Hungarian Kifli Recipe
When I got married to my Hungarian husband, I was thrilled by the first Christmas we shared with his family. Traditional recipes were very important and Grandma Gigi was in charge of keeping them as the focal point every Christmas Eve dinner. Here the Hungarian Kifli recipe, which put simply, is “walnut crescent cookies” which are simple to make and a delight to eat. They are light, buttery, and with a meltaway texture.
The Hungarian Kifli recipe is a Christmas tradition along with Kolach and stuffed cabbage in our family. Traditional recipes will always remain the center of our Holidays. I appreciate Grandma Gigi’s dedication through the years to make memories for my family.
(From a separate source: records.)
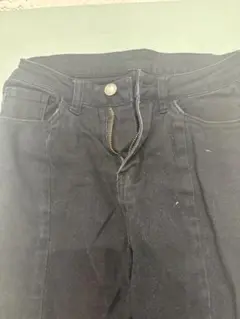 ブラック フレアデニムパンツ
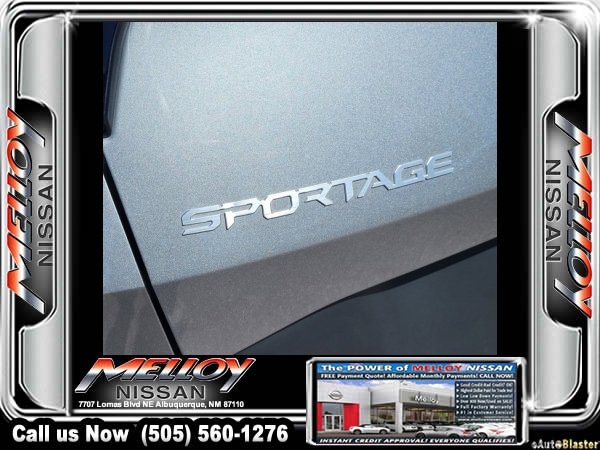 Used 2023 Kia Sportage LX image 7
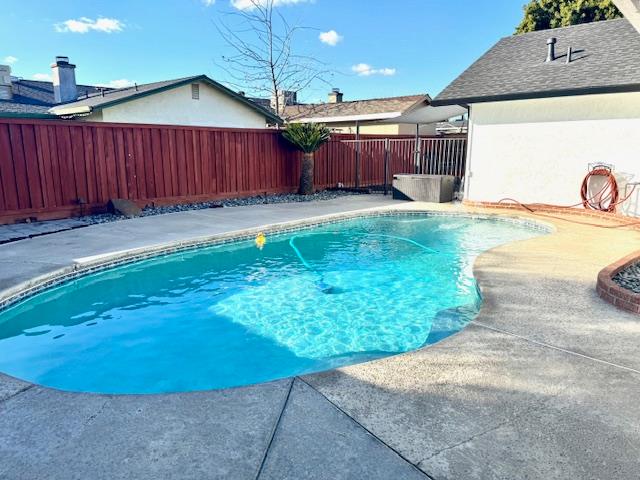 1017 Stillwater Ln, Modesto, CA 95351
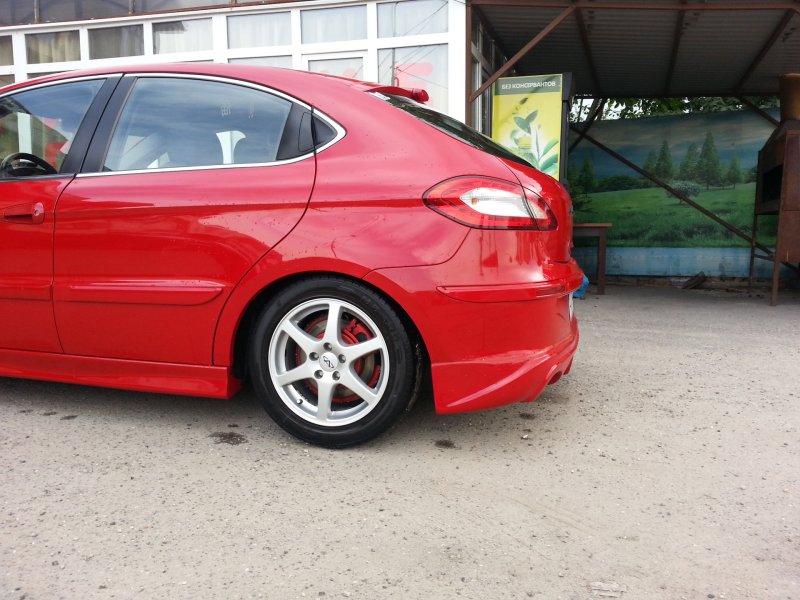 Chery m11 седан со спойлером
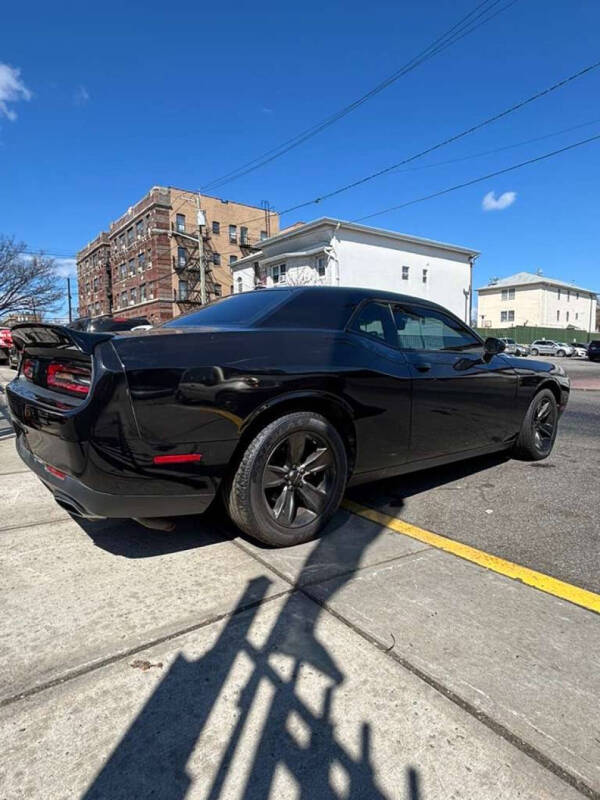 2015 Dodge Challenger SXT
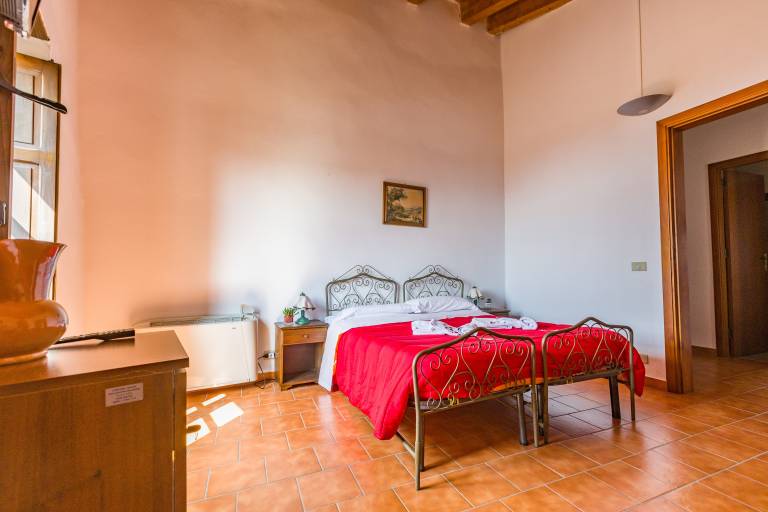 Room 'Dello Acatapano' with Balcony — photo 5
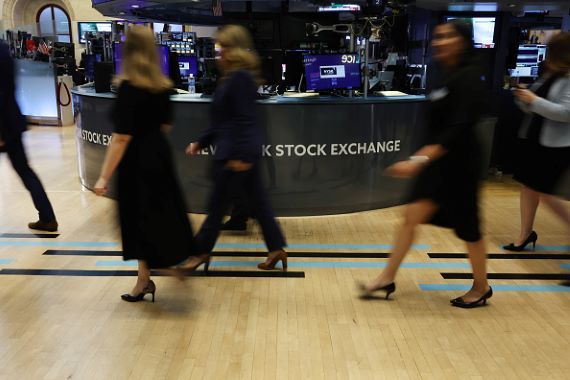 Market Review: New York and Toronto Stock Exchanges Open Dispersed on Signs of Economic Slowdown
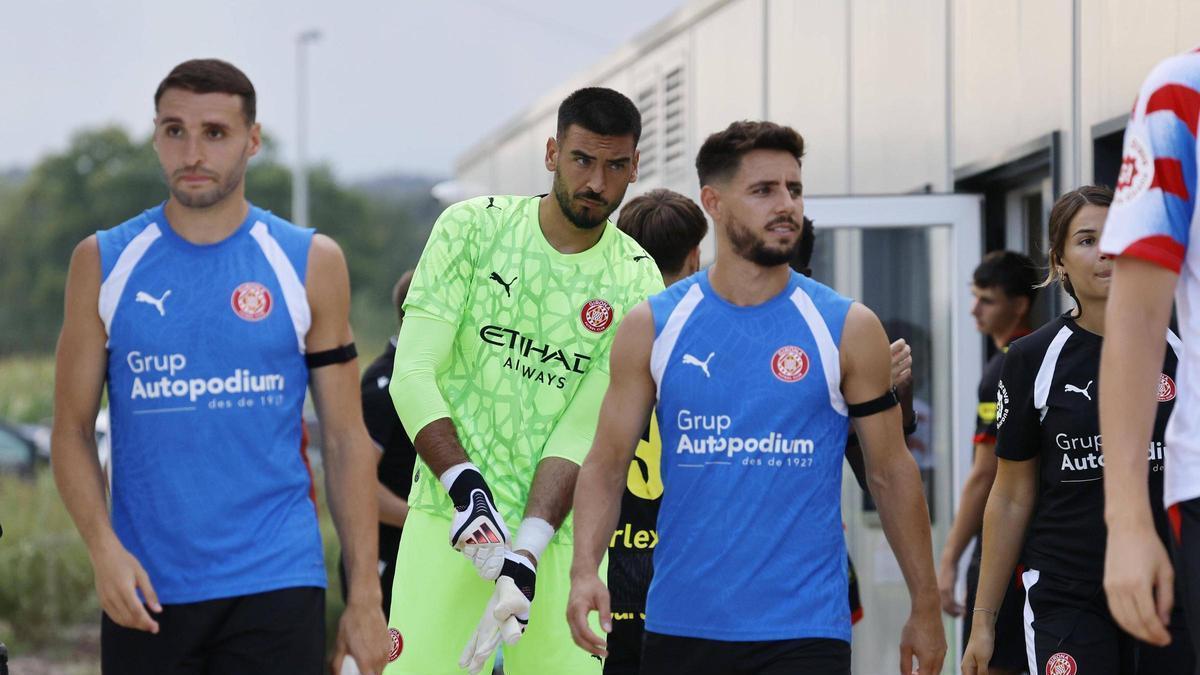 Gazzaniga, entre Abel Ruiz i Àlex Moreno, a La Massana.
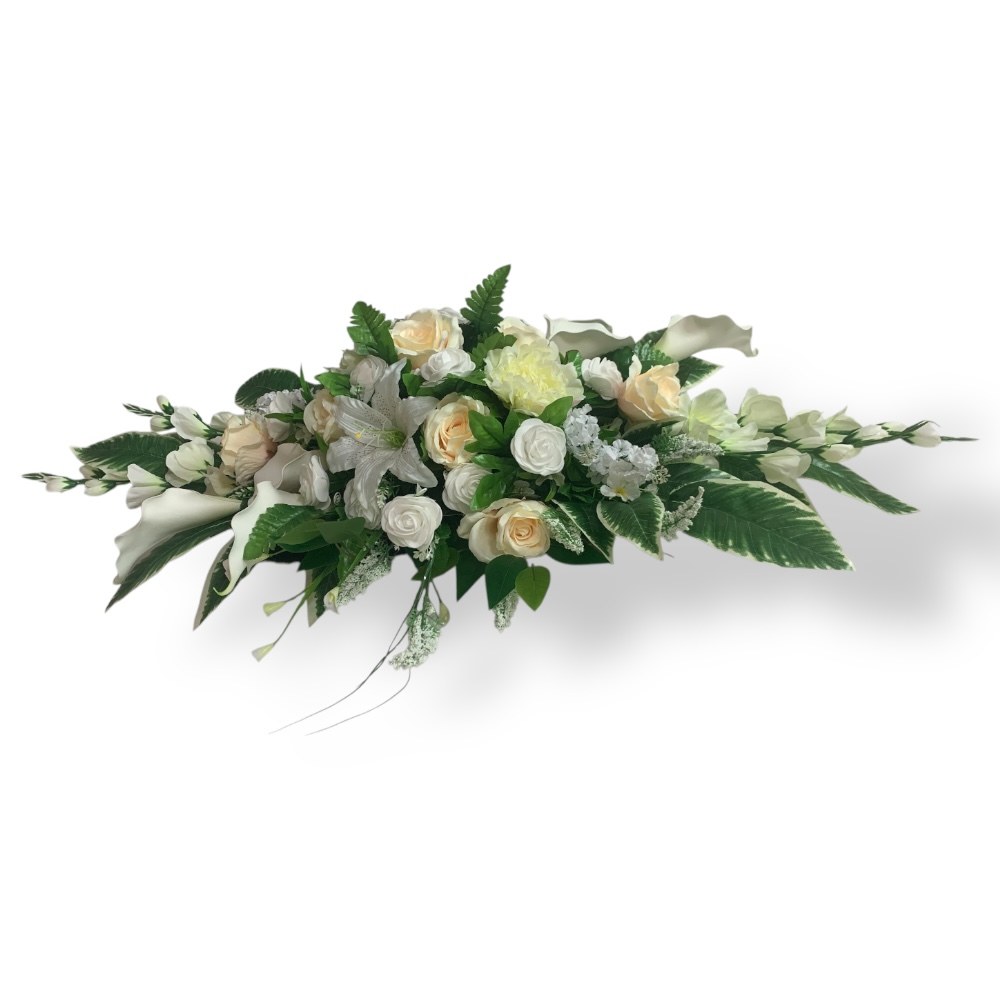 Композиция на гроб, искусственные цветы, ритуальные изделия, венок на гроб, похоронные атрибуты, декор для траурной церемонии, цветочные композиции, ритуальная флористика, премиум класс, артикул ИК-004.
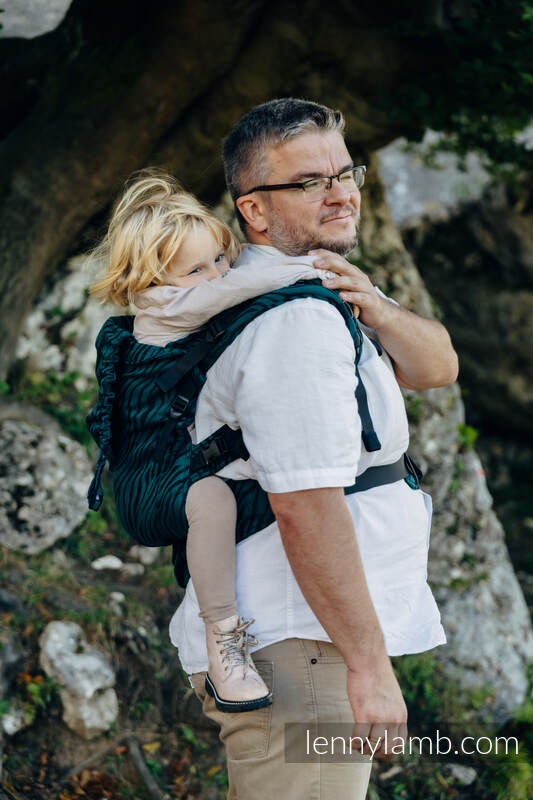 LennyPreschool bæresele, (63% bomull, 37% merino wool) - ZEBRA - SAVANNA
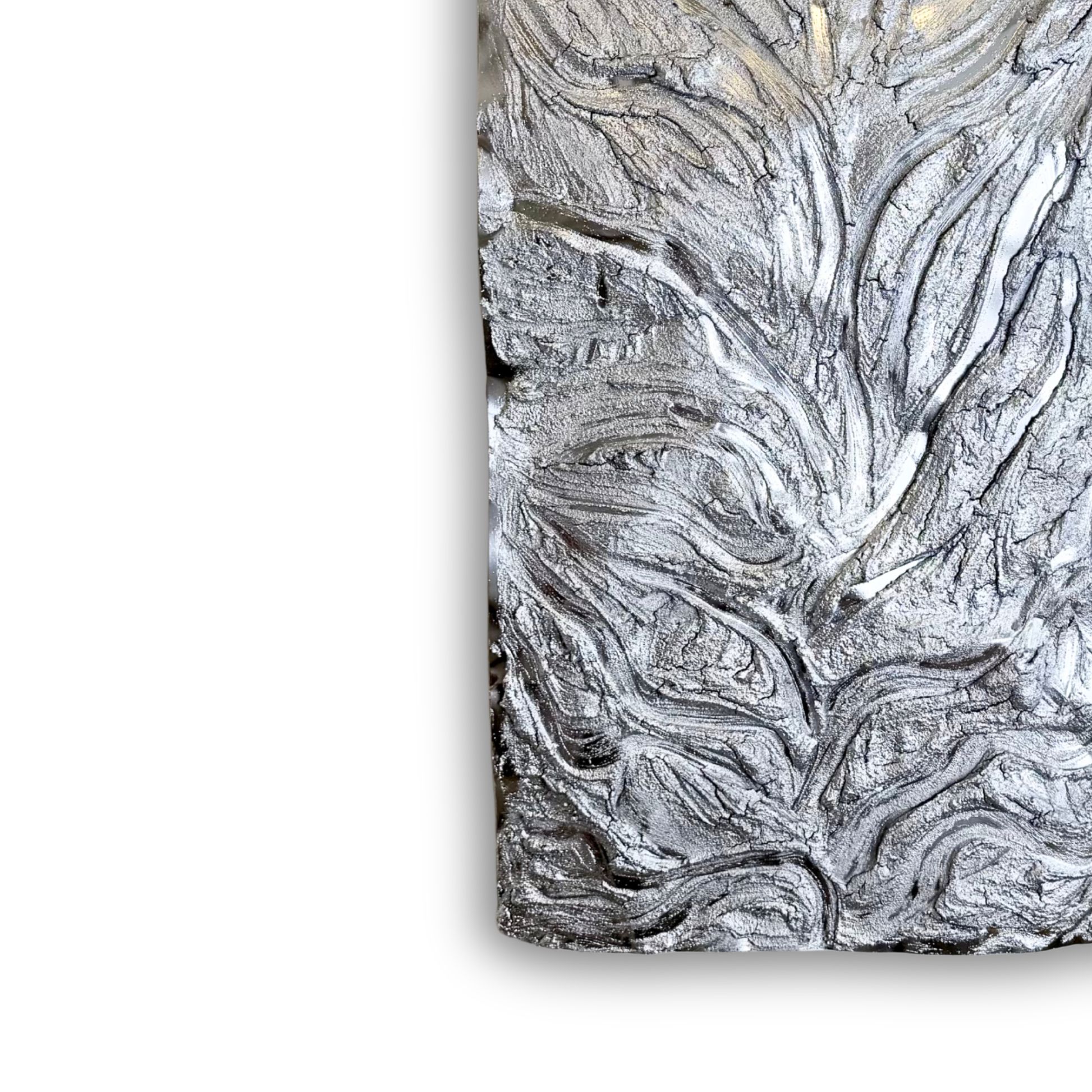 Skrå vinkel af Canyon – Rift No. 01, der fremhæver aluminiumets dybde, den rå struktur og det skulpturelle udtryk.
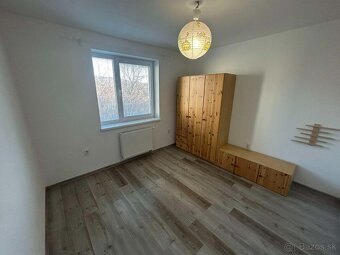 4 - IZBOVÝ BYT NA PREDAJ KOZÁROVCE - 10
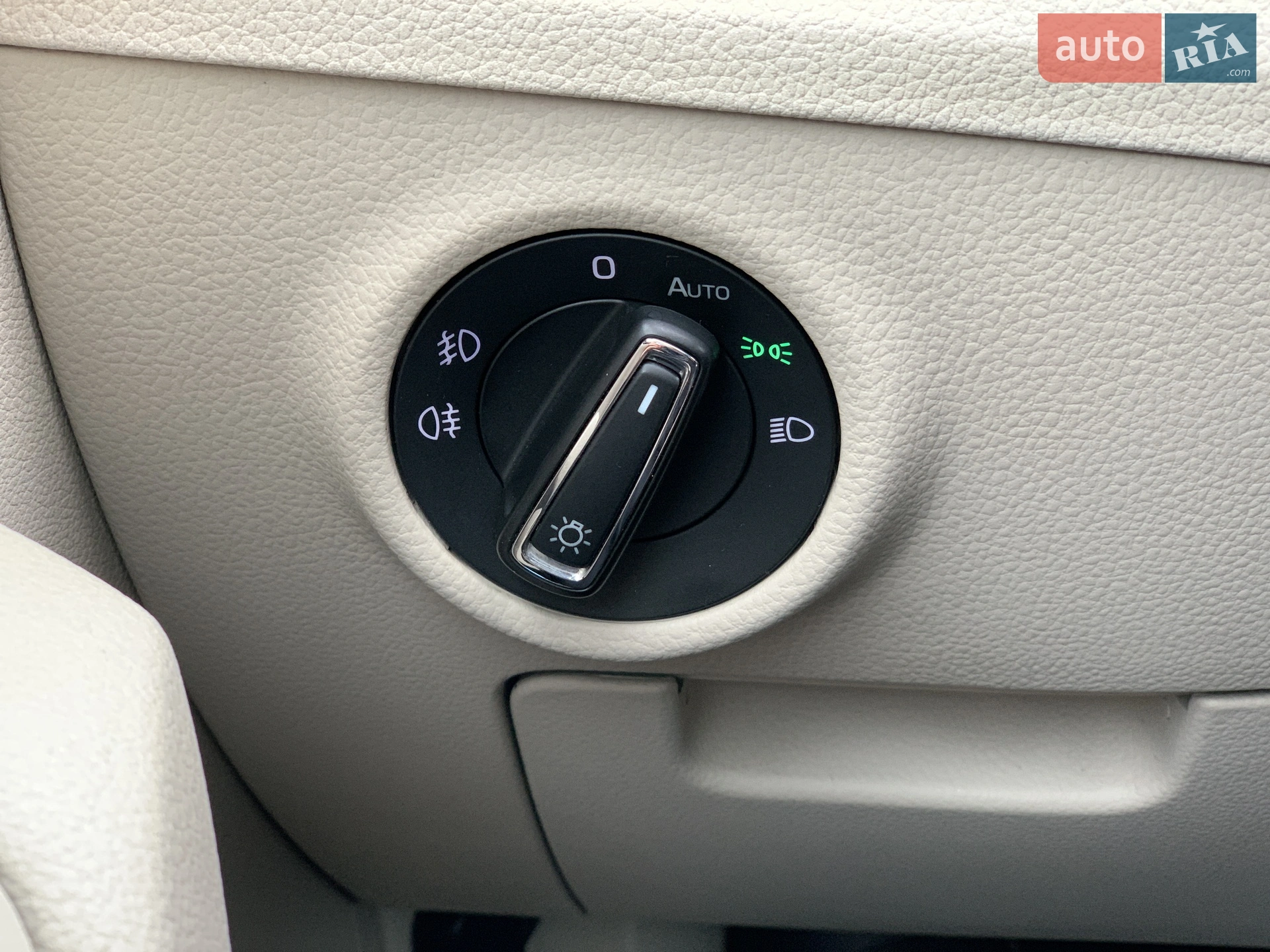 2015 Skoda Superb - мініатюра 28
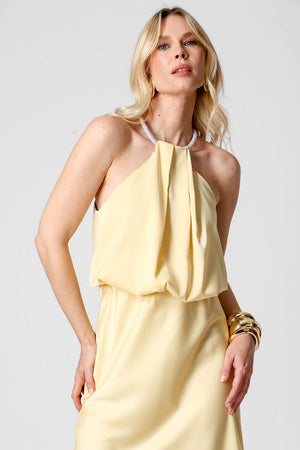 Blusa de Cetim Com Colar Removível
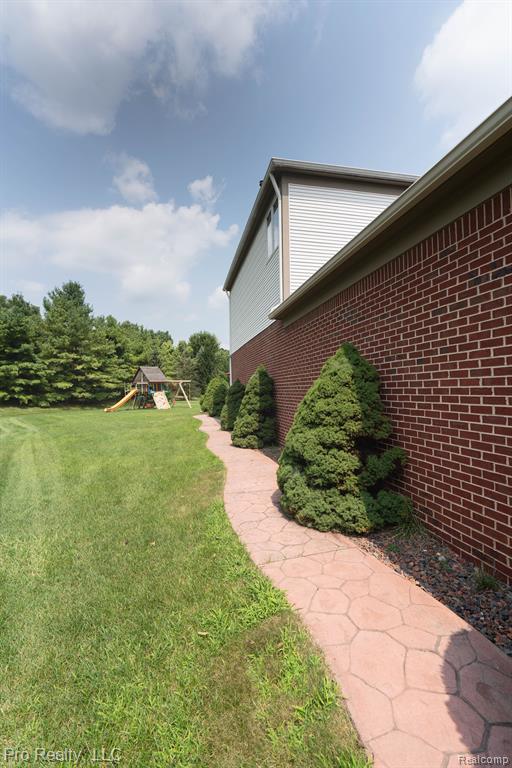 607 Bliss Drive Rochester Hills, MI 48307 - Photo 36 of 40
Family memories can last a lifetime when heritage food and traditions play a central part in the Holidays. I am honored to take up the mantle and pass these traditions on to future generations. Why not make the Authentic Hungarian Kifli recipe a part of your family tradition? Merry Christmas and Happy Holiday.
2 cups all-purpose flour
2 cubes (16 tablespoons) of unsalted butter and 2 tablespoons melted for filling
1 egg divided, yolk for pastry and white for the filling
½ teaspoon vanilla
1 cup sugar for the filling and 1 tablespoon sugar for the dough
1 cup sour cream
¼ teaspoon of salt
1 cup ground walnuts
Addition egg white for brushing the top of Kifli
Preheat oven to 350 degrees.
In a bowl add 2 cups flour. Cut the butter and 1 tablespoon of sugar into the flour until it resembles cornmeal, you can use the food processor for this. In a bowl mix the egg yolk, vanilla, salt, and sour cream together. Once it is combined thoroughly add it to the flour mixture. Gently mix into a ball by hand. Divide the dough into 6 equal parts. Flatten and wrap in plastic. Refrigerate until firm at least 1 hour.
For the filling, grind the nuts finely in a food processor. Once the nuts are ground, add the sugar and the egg white, and pulse a few times to mix. Take one of the disks of dough from the refrigerator and lightly flour both sides. Roll out the dough to a 1/16” or a 12” circle. Brush some melted butter over the top of the rolled-out dough, then sprinkle the surface with some filling.
With a pastry wheel cut the dough into triangles like you would a pizza, making them 1” to 2”. Starting at the large end roll each triangle into a crescent. Grab the roll on both sides and pinch as you bend the roll to create a crescent shape. Move the rolls to a parchment-covered baking sheet, placing rolls no closer the 1” apart.
Mix the egg white with 1/2 teaspoon water and mix with a fork. Brush the crescents with the wash. Bake for 20 minutes or until slightly golden brown. When slightly cooled roll in powdered sugar and enjoy.